About the exhibition 'Brutal Ink':
Anthropologists in Art proudly present Brutal Ink; an unique duo-exhibition of Polish raw tattoos by Maurycy Gomulicki and Katarzyna Mirczak. Both artists present two very different aspects of the little-known world of the Polish raw tattooing practice with their respective series – Gomulicki’s Dziary (Raw Tattoos) and Mirczak’s Znaki Specjalne (Special Signs). While tattooing is usually done with specially crafted tools and ink in the strictest of hygienic settings, raw or brutal tattoos are mostly done in situations where professional instruments are unavailable e.g. in prisons where the art of tattooing is generally prohibited. Although these tattoos can be extremely complicated and of high aesthetic quality, generally they are characterised by a monochrome design, and often carry particular symbolic or sentimental value for the bearer and their social, criminal or professional peers.
Both the series by Maurycy and Katarzyna have the limited visual accessibility for the ordinary public in common. Beside the considerable artistic merit, that both series harbour individually, together they possess an inherent voyeuristic and anthropological sensibility of this oftentimes misunderstood creative practice.
Mirczak’sseries (Znaki Specjalne – Special Signs) of 25 photographs features glass jars containing pieces of tattooed flesh and skin, perfectly preserved in formaldehyde; the oldest dating back to 1875. Some are the only traces left of long-forgotten sailors and soldiers. Most, however, are of deceased prisoners posthumously dissected. This beautifully photographed series undoubtedly imparts an ambivalent feeling to the viewer, both that of revulsion and attraction.

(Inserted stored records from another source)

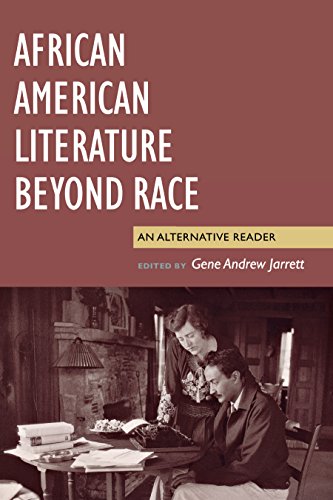 African American Literature Beyond Race An Alternative Reader Gene Andrew Jarrett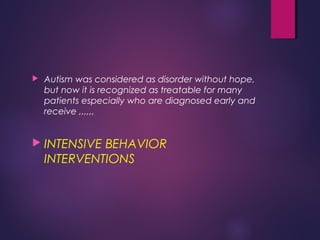  Autism was considered as disorder without hope,
but now it is recognized as treatable for many
patients especially who are diagnosed early and
receive ,,,,,,
 INTENSIVE BEHAVIOR
INTERVENTIONS
 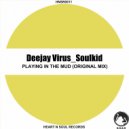 Deejay Virus_Soulkid - Playing In The Mud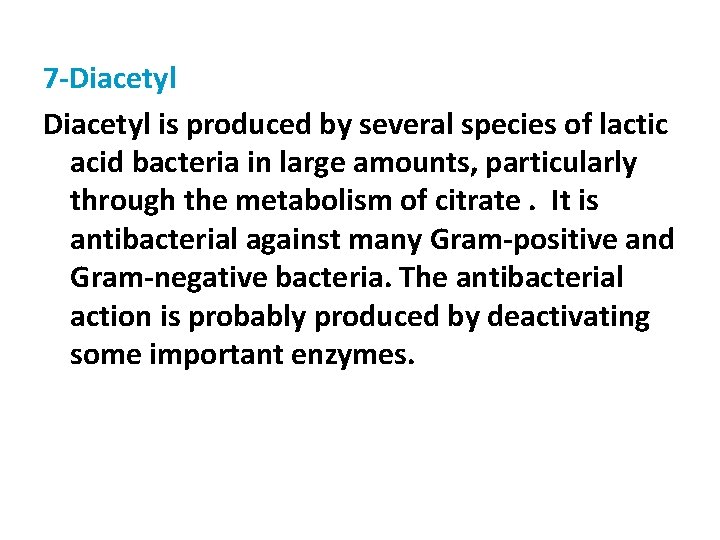 7 -Diacetyl is produced by several species of lactic acid bacteria in large amounts,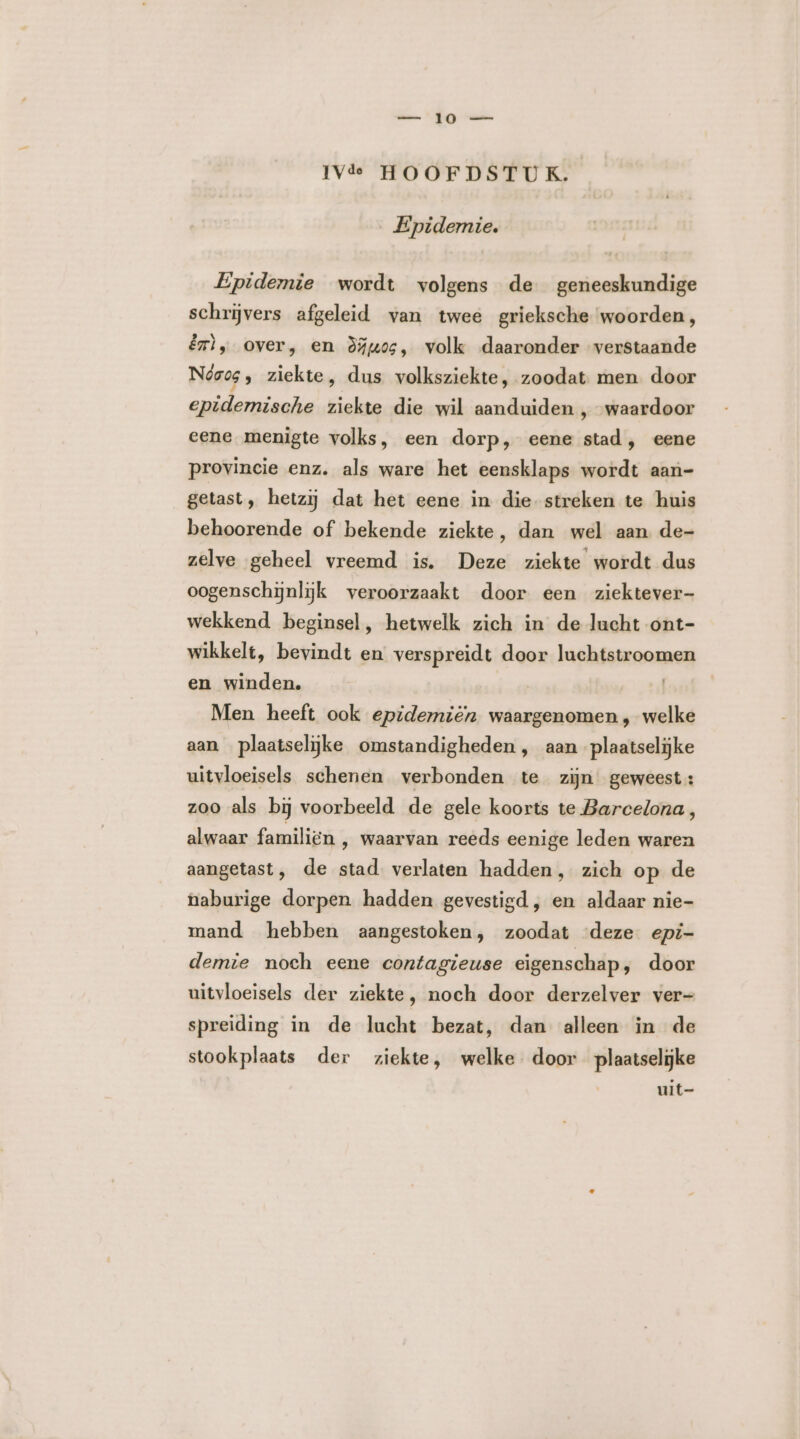 Epidemie. Epidemie wordt volgens de geneeskundige schrijvers afgeleid van twee grieksche woorden, êrì, over, en òdiuos, volk daaronder verstaande Neos, ziekte, dus volksziekte, zoodat. men. door epidemische ziekte die wil aanduiden , waardoor eene menigte volks, een dorp, eene stad, eene provincie enz. als ware het eensklaps wordt aan- getast, hetzij dat het eene in die streken te huis behoorende of bekende ziekte, dan wel aan de- zelve geheel vreemd is. Deze ziekte wordt dus oogenschijnlijk veroorzaakt door een ziektever- wekkend beginsel, hetwelk zich in de lacht ont- wikkelt, bevindt en verspreidt door luchtstroomen en winden. | Men heeft ook epidemiën waargenomen, welke aan plaatselijke omstandigheden, aan plaatselijke uitvloeisels schenen verbonden te zijn. geweest: zoo als bij voorbeeld de gele koorts te Barcelona, alwaar familiën , waarvan reeds eenige leden waren aangetast, de stad verlaten hadden, zich op de naburige dorpen hadden gevestigd, en aldaar nie- mand hebben aangestoken, zoodat ‘deze epi- demie noch eene contagieuse eigenschap, door uitvloeisels der ziekte, noch door derzelver ver- spreiding in de lucht bezat, dan alleen in de stookplaats der ziekte, welke door plaatselijke uit-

Most of the people documented by Gomulicki have been incarcerated at some point or other (especially in the period 1950-1980) and were tattooed whilst in the Polish penitentiary system. Sentiment and humour prevail, although here and there tattoos of stars, epaulettes and symbols signify a secret language of the various prisons. However, the most popular designs are those of women, pop-cultural expressions (a large back-tattoo of John Travolta and Olivia Newton John is unforgettable) and lyrical one-liners. In all, the darker side of life is clearly visible on these weathered bodies, ravaged by alcohol, time and a jumble of old scars that criss-cross the human canvas.